Friday, April 23, 2010

The Banks that are too big to fail- should not exist

13 Bankers. The Wall Street Takeover and the Next Financial Meltdown.  (2010.) Johnson and Kwak.

The currently proposed reforms of Wall Street by the Obama Administration are too limited.   To protect our economy and our society we need to
1.     Re-establish the Glass Steagal act of 1933 which separates savings banks from commercial banks.
2.     Break up the banks that are too big to fail.
3.     Add  substantive regulation to the markets.
   This recent  work  develops the important thesis that the U.S. is being directed and exploited by an Oligarchy.  This Oligarchy protects  their profits and their privileges, they dominate the government.  And, they will continue to do so until they are stopped.  The authors argue that in the crisis of 2007/2009, which the oligarchy  created, the the rich seized billions of dollars for themselves.  They made massive profits from the economic disaster. The Great Recession cost  the homes, the jobs, and even the lives of working people.  It is devastating our schools. This is the nature of our current state.
13 Bankers has additional importance since it was published in Spring 2010 just as the Washington/ Wall Street debate on regulatory reform reached its zenith.

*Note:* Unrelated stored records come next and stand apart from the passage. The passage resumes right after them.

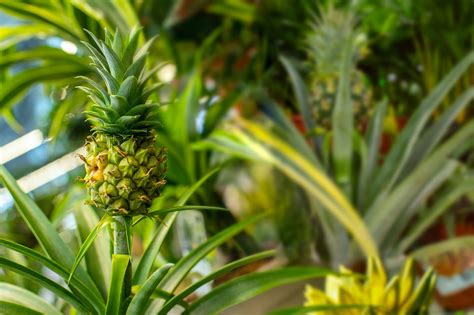 What You Need To Know To Grow A Pineapple In Your Own Home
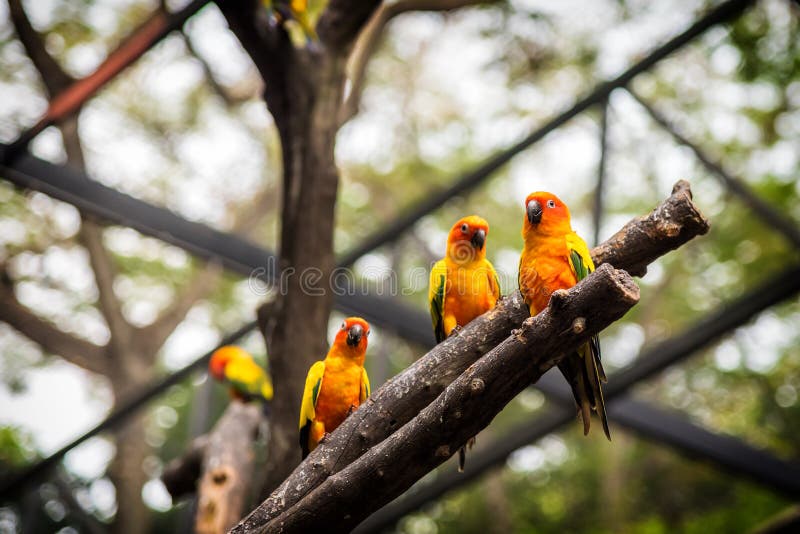 O papagaio de Sun Conure está estando no ramo seco imagem de stock O papagaio de Sun Conure está estando no ramo seco imagem de stock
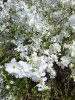 Экзохорда кистистая (лат. Exochorda racemosa), семена 
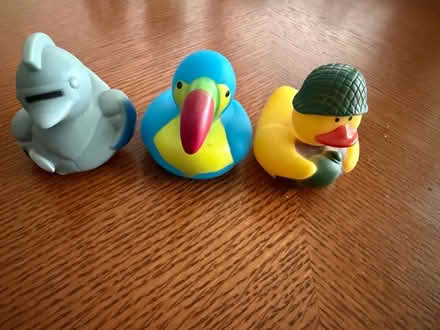 Photo of free Rubber ducks (Downers Grove - South) #1
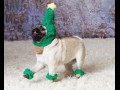 modny mops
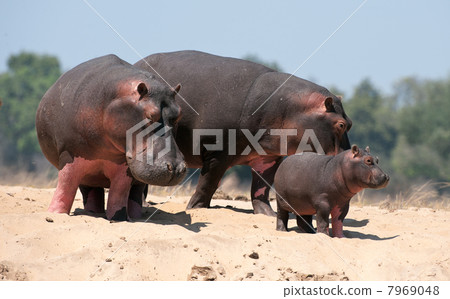 Family of hippopotamuses 7969048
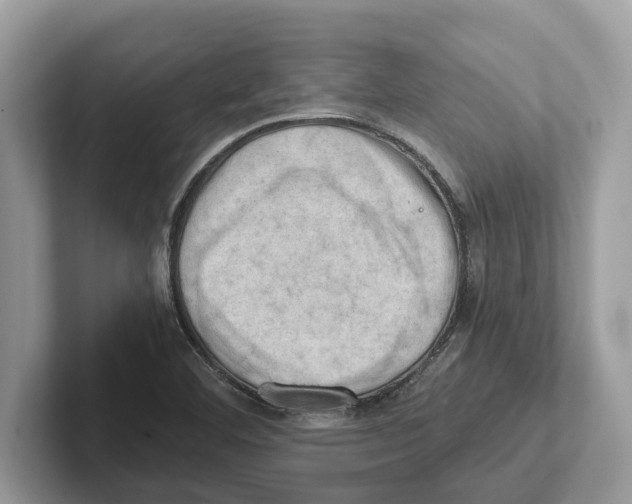 X0000100931460200807221127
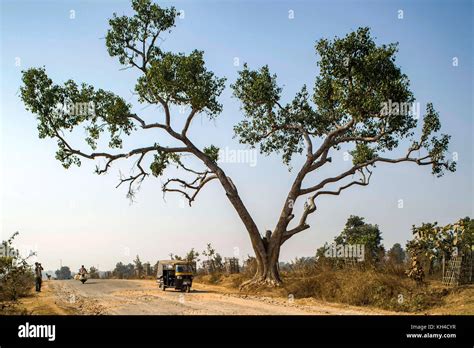 Roads Of Jharkhand Hi Res Stock Photography And Images Alamy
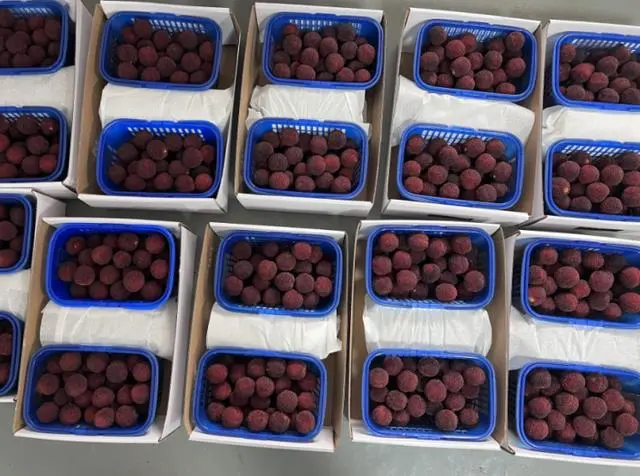 仙居杨梅出海,一颗大™番茄狂销,黄天鹅成品类代表,这些农产品靠啥火起来?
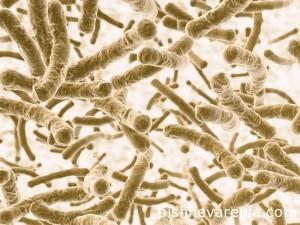 Пробиотики под микроскопом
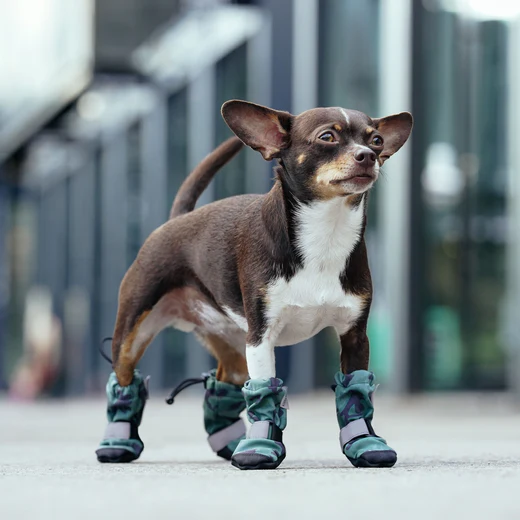 Canada Pooch Soft-shield Boots  (CAMO-4 PACK)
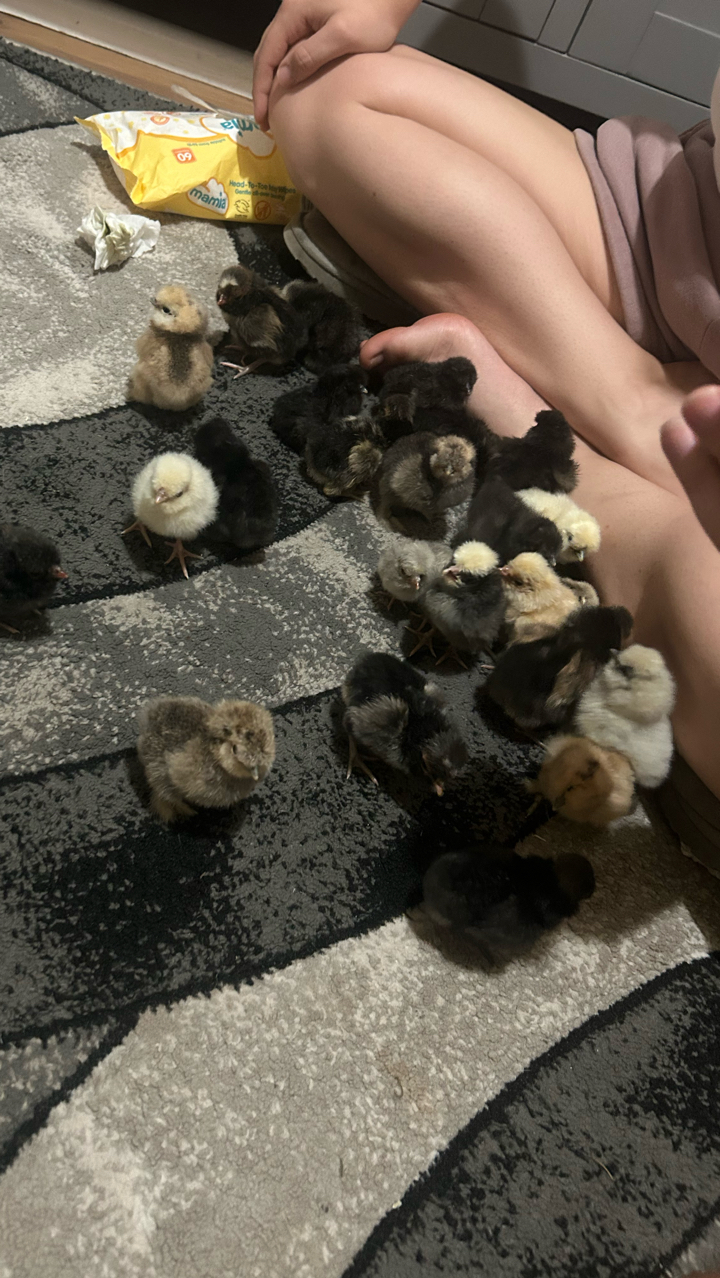 silkie & polish chicks 2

Johnson and Kwak describe in detail the self serving economic theories which the wealthy and the powerful promote, such as those advanced most notably by the University of Chicago economists.  These theories known at various times as Free Market Capitalism, or the Washington Consensus serve the elite well.  They are very profitable while the impoverish working people and assault unions.
The authors note,
“ In the dark days of late 2008- when Lehman Brothers vanished, Merrill Lynch was acquired, AIG was taken over by the government, Washington Mutual and Wachovia collapsed, Goldman Sachs and Morgan Stanley fled for safety morphing into bank holding companies, and Citigroup and Bank of America teetered on the edge of being bailed out- the conventional wisdom was that the financial crisis  spelled the end of an era of excessive risk –taking and fabulous profits.  Instead,  we can now see that the largest, most powerful banks came out of the crisis even larger and more powerful.  When Wall Street was on its knees, Washington came to its rescue- not because of personal favors to a handful of powerful bankers, but because of a belief in a certain kind of financial sector so strong that not even the ugly revelations of the financial crisis could uproot it.”  ( P.11)
The current  “rescue” of the banking system was organized by  Hank Paulson formerly Chairman of Goldman Sachs, Larry Summers, Timothy Geithner and others who learned their perspectives working with Robert Rubin in the Clinton Administration.  Between  1989 and 2000, these and other “experts”  such as Ben Bernanke created exactly the kind of markets that collapsed in March of 2007, and now the same people are designing our “recovery”.  Who do you think will organize the next bailout?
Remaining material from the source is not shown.